Ради экономии отец перешел на табак, который выращивала наша рота. Мы скручивали трубочки из старых чеков и набивали их измельченными табачными листьями. Каждый вечер я помогал отцу скрутить около двадцати папирос и аккуратно уложить их в бело-голубую фарфоровую банку, которая неведомым образом пережила набеги хунвэйбинов на наш старый дом. Крышка с ушком была из чистого серебра, а на самой банке был изображен мостик над ручьем и мальчик-слуга с цинем, а рядом — скалистый обрыв, низко склонившие ветви ивы и домик с соломенной крышей и приоткрытым окошком.
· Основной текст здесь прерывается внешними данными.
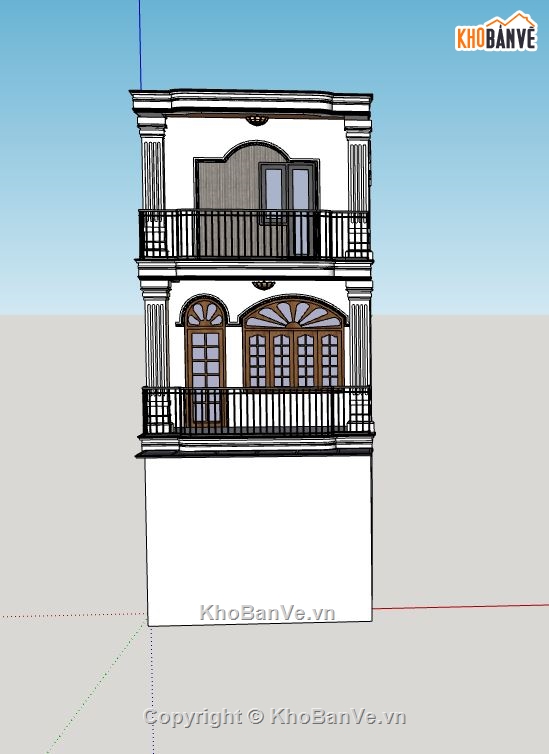 file sketchup nhà phố 5x20m,file su dựng nhà phố 3 tầng,bao cảnh nhà phố 3 tầng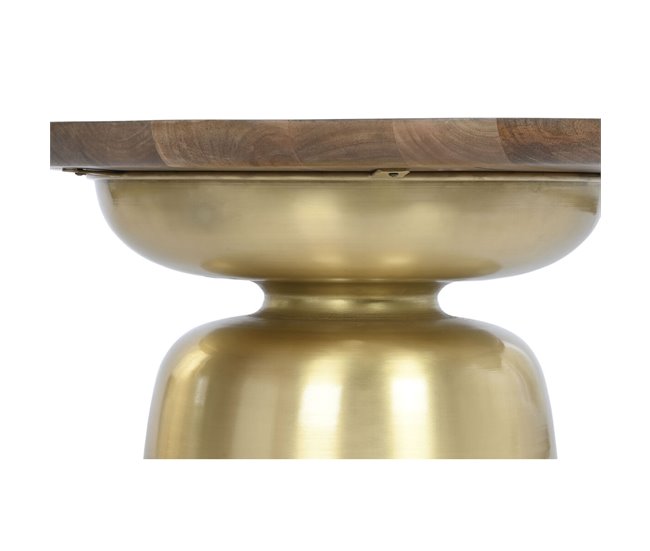 Conforama Mesa De Centro DKD Home Decor Acero Madera De Mango (80 X 80 X 38 Cm)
Сияние белого фарфора и синего кобальта освещало даже самый темный угол.
Когда наступала ночь и на пшеничные поля опускалась непроглядная тьма, насекомые стрекотали без умолку. Мы с отцом садились по разные стороны столика, а масляная лампа отбрасывала на стены за нашими спинами тени — одну большую, одну маленькую. В голове у меня зачастую было так же пусто, как и в комнате, — ни фантазий, ни воспоминаний, и мы с отцом сидели, словно чужие, которым нечего сказать друг другу. Нередко я просто неотрывно смотрел на дрожащий огонек лампы.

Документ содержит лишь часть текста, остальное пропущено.